1.   get_webpage(url) - to get the response form the given webpage(url) 
2.   parse_url(url, tableClass) - process the response of the given url  and return the data present in the tableClass as dataframe 
3.   parse_html_table (table) - return the data present in the tableClass as dataframe 
4.   save_as_csv_local - to save the dataframe as csv file in the local drive(current working directory)
5.   get_folder_list_drive - to get the list of folder in google drive
6.   save_as_csv_drive - to save the dataframe as csv file in the google drive
7.   save_as_csv_tkinter - to save datafram as csv using tkinter(UI)




In [0]:
#WikiTableDataParser class fetch the data present in a table from given URL.
#We need to give the url along with class name of the table in the web page.
#We can save the data from wepage to csv file in the local directory and google drive
#We can also use tkinter to save the data in local directory

import requests
import pandas as pd
from bs4 import BeautifulSoup
from contextlib import closing
!pip install -U -q PyDrive
from pydrive.auth import GoogleAuth
from pydrive.drive import GoogleDrive
from google.colab import auth
from google.colab import files
from oauth2client.client import GoogleCredentials

class WikiTableDataParser:
  
    def get_webpage(self,url):
      
      #Attempts to get the content at url by making an HTTP GET request with time out .
      #If the content-type of response is some kind of HTML, return the
      #HTML content, otherwise return None.
      try:
          with closing(requests.get(url, timeout=5)) as resp:
              if self.is_good_response(resp):
                  return resp.content
              else:
                  return None

      except RequestException as e:
          self.log_error('Error during requests to {0} : {1}'.format(url, str(e)))
          return None


    def is_good_response(self,resp):
      
       # Returns True if the response seems to be HTML, False otherwise.
        content_type = resp.headers['Content-Type'].lower()
        return (resp.status_code == 200 
                and content_type is not None 
                and content_type.find('html') > -1)

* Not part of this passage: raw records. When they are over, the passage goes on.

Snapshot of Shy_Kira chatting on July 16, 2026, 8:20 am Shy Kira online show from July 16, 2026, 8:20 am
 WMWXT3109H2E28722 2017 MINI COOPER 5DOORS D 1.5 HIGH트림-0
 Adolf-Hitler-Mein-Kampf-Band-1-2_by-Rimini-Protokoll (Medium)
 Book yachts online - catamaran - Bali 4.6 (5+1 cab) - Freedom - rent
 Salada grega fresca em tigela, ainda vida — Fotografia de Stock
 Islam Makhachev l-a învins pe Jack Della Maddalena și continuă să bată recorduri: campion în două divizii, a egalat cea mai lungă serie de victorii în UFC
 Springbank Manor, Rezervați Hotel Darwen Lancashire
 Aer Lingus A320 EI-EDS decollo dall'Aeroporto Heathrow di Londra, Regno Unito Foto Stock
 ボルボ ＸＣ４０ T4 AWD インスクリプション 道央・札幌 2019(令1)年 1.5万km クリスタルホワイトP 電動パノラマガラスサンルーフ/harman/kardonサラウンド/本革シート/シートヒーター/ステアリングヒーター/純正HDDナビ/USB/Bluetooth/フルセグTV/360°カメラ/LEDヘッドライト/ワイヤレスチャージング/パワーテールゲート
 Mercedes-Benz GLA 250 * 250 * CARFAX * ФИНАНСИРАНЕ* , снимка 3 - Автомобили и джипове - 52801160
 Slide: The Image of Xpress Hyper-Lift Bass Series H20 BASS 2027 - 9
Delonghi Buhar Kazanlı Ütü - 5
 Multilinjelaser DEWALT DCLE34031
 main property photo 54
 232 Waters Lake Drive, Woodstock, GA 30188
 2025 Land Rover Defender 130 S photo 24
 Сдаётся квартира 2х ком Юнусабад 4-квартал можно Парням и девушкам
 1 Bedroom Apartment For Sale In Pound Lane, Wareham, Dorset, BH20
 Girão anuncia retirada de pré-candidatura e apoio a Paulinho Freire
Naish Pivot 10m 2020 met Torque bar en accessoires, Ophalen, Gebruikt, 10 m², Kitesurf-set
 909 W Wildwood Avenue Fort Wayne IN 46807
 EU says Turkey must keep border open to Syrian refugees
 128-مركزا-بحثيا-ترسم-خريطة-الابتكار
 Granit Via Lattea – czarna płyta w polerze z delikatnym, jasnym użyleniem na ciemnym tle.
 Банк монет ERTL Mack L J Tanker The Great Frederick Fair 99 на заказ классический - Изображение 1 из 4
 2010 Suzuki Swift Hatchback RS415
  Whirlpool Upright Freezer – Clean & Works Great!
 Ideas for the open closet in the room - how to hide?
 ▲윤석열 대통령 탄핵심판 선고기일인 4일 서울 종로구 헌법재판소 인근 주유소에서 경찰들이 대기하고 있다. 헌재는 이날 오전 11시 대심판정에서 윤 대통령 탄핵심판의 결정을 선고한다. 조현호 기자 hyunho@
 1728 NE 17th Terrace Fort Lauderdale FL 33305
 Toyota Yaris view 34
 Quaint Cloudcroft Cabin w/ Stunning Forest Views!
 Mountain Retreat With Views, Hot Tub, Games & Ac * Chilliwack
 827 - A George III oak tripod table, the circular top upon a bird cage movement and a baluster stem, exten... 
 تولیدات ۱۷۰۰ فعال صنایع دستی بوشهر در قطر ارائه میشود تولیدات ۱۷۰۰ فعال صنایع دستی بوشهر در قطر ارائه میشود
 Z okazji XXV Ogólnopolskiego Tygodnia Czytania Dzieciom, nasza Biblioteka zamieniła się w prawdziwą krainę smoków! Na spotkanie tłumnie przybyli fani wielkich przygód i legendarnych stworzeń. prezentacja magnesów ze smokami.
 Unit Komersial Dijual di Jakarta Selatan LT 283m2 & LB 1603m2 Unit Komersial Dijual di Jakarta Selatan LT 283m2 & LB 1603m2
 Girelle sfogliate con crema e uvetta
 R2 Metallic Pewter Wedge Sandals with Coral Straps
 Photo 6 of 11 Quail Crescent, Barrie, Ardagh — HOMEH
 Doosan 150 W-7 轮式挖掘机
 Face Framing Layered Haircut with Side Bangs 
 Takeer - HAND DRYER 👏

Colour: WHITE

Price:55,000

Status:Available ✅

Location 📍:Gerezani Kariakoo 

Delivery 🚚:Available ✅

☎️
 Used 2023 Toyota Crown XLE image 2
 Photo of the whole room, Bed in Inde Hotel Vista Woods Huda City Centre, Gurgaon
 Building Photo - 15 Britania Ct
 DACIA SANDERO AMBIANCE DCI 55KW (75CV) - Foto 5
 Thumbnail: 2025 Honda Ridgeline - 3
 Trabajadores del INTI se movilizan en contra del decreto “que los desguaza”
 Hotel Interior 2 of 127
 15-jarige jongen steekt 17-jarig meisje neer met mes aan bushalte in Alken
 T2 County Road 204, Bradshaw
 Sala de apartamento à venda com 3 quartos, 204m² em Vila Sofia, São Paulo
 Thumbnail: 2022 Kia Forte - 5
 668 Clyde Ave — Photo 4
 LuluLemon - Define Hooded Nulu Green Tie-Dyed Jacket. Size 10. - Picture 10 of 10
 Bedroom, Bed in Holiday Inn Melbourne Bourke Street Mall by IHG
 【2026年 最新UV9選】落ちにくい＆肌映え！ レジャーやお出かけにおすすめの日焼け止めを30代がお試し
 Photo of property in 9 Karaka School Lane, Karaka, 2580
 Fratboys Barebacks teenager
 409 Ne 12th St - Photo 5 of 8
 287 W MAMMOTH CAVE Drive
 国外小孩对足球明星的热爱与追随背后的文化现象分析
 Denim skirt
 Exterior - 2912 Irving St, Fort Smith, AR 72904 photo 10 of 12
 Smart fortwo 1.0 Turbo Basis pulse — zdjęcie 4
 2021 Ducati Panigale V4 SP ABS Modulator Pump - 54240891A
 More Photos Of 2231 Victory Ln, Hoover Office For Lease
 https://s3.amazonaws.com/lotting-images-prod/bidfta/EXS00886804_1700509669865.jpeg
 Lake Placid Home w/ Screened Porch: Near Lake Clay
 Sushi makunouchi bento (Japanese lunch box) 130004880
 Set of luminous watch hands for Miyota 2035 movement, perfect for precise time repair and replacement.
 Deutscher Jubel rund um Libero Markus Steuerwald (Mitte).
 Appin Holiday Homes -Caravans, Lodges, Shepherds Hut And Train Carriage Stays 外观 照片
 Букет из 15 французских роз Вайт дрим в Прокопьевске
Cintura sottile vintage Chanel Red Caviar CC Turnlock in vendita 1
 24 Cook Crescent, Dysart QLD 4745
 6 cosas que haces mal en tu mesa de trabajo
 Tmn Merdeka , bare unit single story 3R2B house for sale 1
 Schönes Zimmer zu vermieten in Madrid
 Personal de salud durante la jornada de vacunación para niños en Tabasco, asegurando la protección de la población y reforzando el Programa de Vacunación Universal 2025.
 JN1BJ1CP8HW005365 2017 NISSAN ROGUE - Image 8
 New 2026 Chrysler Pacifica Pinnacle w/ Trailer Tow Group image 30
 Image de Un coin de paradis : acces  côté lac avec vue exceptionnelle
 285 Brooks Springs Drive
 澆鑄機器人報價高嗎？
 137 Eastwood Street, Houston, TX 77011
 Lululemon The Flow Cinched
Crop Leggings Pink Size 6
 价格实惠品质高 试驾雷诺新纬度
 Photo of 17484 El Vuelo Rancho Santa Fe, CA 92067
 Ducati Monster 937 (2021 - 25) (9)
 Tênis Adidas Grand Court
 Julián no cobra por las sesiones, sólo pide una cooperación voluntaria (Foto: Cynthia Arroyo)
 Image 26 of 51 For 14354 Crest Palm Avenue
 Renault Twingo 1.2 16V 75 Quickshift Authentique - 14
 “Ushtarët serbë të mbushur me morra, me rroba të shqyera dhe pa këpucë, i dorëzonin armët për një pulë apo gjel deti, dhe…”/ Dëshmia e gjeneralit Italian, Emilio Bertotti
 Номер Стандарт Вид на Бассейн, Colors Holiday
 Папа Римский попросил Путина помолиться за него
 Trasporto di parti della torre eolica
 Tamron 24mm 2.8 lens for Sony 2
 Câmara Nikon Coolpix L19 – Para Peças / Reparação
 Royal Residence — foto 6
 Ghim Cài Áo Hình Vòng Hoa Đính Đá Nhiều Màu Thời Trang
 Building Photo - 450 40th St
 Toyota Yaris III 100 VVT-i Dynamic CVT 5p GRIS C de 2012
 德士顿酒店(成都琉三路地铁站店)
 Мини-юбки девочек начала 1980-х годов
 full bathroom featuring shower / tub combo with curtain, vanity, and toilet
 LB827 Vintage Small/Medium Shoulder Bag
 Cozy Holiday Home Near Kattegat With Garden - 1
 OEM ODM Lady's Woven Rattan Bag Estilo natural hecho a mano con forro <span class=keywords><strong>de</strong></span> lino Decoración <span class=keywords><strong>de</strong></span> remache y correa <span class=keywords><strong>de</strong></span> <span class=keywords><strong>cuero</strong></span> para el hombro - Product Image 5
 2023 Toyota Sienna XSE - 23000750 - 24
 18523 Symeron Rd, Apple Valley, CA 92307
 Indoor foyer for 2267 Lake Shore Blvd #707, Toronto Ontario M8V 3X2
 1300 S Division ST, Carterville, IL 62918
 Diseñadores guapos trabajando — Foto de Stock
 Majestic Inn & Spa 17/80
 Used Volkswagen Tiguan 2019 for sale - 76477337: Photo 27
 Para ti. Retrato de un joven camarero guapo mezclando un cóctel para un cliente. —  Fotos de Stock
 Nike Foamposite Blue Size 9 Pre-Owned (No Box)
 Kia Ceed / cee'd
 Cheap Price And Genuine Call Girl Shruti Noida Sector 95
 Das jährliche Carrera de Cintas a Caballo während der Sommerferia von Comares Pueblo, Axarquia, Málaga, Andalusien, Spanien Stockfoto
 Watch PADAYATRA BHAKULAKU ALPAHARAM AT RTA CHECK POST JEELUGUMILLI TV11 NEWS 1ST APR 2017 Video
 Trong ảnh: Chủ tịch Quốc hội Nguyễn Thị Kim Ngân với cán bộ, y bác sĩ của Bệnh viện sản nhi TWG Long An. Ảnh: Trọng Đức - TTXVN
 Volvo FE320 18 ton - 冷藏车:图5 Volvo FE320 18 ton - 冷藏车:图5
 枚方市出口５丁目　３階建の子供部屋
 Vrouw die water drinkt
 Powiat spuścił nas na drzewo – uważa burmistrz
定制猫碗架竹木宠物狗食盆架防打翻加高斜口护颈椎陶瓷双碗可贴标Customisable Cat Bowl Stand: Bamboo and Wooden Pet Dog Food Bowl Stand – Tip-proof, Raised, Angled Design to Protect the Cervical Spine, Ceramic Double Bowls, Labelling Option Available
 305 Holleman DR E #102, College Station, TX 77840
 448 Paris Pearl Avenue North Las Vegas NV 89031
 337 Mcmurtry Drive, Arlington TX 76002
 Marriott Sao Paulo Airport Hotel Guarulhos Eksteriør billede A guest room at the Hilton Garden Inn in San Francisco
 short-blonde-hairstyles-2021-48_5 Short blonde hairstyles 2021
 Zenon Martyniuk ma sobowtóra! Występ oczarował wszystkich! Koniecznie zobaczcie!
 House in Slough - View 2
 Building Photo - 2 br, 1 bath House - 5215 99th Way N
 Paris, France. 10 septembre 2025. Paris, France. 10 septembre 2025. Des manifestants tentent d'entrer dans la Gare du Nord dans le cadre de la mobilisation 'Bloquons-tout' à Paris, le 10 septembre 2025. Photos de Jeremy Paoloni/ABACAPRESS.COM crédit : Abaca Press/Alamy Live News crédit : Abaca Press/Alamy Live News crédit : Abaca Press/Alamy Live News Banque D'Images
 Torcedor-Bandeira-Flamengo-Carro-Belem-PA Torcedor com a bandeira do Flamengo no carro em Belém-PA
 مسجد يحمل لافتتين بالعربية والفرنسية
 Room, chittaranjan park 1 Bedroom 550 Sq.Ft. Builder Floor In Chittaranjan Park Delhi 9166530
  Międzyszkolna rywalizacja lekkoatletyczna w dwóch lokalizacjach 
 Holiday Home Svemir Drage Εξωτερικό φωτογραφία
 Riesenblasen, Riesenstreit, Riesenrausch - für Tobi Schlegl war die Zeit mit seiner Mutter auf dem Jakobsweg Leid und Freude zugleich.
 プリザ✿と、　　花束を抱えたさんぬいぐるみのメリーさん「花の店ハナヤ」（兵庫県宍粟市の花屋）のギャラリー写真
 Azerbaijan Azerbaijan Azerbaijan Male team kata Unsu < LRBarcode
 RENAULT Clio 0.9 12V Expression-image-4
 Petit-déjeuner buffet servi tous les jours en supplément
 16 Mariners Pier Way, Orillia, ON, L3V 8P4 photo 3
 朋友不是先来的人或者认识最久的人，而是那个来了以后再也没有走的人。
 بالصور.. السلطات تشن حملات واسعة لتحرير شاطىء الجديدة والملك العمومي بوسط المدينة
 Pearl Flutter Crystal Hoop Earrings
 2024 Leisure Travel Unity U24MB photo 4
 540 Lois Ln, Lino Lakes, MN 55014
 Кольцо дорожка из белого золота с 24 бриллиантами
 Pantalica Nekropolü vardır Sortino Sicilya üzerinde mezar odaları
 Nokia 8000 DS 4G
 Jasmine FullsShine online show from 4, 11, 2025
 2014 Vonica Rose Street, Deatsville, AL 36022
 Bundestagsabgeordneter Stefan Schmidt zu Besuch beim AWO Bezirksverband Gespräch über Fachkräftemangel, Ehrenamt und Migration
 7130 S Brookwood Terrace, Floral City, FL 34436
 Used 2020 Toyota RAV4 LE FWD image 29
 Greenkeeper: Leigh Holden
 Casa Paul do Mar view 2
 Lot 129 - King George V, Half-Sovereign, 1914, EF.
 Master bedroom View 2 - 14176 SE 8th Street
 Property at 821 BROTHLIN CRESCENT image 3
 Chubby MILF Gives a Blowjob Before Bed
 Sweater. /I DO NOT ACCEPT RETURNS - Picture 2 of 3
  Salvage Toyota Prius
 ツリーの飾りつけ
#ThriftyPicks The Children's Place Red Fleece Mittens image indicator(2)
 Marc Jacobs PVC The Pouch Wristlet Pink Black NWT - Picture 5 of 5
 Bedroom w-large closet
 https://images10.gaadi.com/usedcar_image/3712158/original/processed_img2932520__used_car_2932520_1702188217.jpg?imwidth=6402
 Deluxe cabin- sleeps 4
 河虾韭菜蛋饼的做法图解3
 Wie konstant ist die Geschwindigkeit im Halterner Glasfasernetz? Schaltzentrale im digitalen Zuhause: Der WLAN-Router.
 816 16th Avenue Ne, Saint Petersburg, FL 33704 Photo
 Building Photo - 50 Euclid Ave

    def log_error(self,e):
      
        #It is always a good idea to log errors. 
        #This function just prints them, but you can
        #make it do anything.
        print(e)
        
    def parse_url(self, url, tableClass):
        response = self.get_webpage(url)
        # raises error for invalid URL
        if response is None:
            raise Exception("Invalid URL")
        soup = BeautifulSoup(response, 'html.parser')
        tables = soup.find_all('table',{"class":tableClass})
        # raises error if data tables with given class are not found 
        if len(tables) <= 0:
           raise Exception("No tables found with clas : "+tableClass)
        return [(index,self.parse_html_table(table))\
                for index,table in enumerate(tables)]   

    def parse_html_table(self, table):
        n_columns = 0
        n_rows=0
        column_names = []

        # Find number of rows and columns in the table
        # we also find the column titles if we can
        for row in table.find_all('tr'):

            # Determine the number of rows in the table
            td_tags = row.find_all('td')
            if len(td_tags) > 0:
                n_rows+=1
                if n_columns == 0:
                    # Set the number of columns for our table
                    n_columns = len(td_tags)

            # Handle column names if we find them
            th_tags = row.find_all('th') 
            if len(th_tags) > 0 and len(column_names) == 0:
                for th in th_tags:
                    column_names.append(th.get_text())

        # raises error if column Titles and no.of.colmuns doesnt match
        if len(column_names) > 0 and len(column_names) != n_columns:
            raise Exception("Column titles do not match the number of columns")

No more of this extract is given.